Homestead is all about protection from creditors that the Florida Constitution provides for certain types of property. Specifically, protected property is residential property owned by a natural person of up to 1/2 acre within a municipality or 160 acres outside a municipality. Also protected is personal property up to $1,000. For homestead protection to apply, the homestead must be established before the judgment creditor's levy on the property. Also note that proceeds from the sale of the homestead retain homestead status if the owner has a good faith intent to reinvest in another homestead within a reasonable time after the sale.
Those are the basics, but there are some details to know as well. Homestead property as defined above is protected from levy by creditors of the owner but is not protected from forced sale by a creditor if sold to satisfy any obligations associated with the purchase, improvement, or repair of the property (for example, a mortgage or a mechanic's lien). It's also not protected from creditors collecting on taxes or assessment of the property. If fraud is involved in obtaining any kind of a loan, an equitable lien may be placed on the property so that the creditor can collect on the loan regardless of any homestead status of the property.
Homestead protection may be abandoned if the property is abandoned.

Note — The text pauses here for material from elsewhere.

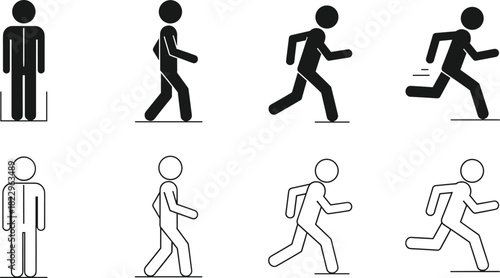 Minimalist stick figure motion icons illustrating standing, walking, running, and sprinting actions, ideal for animation, UI/UX design, infographics, and movement concepts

Abandonment is a question of fact but generally a homestead is abandoned when it is no longer a bona fide home and place of permanent residence. Intent is important here.
Also important is that homestead property may not be conveyed by one spouse without the other spouse's consent and may be freely devised upon death only if there are no surviving children or spouse. This aspect of homestead protection, however, may be waived in an antenuptial agreement.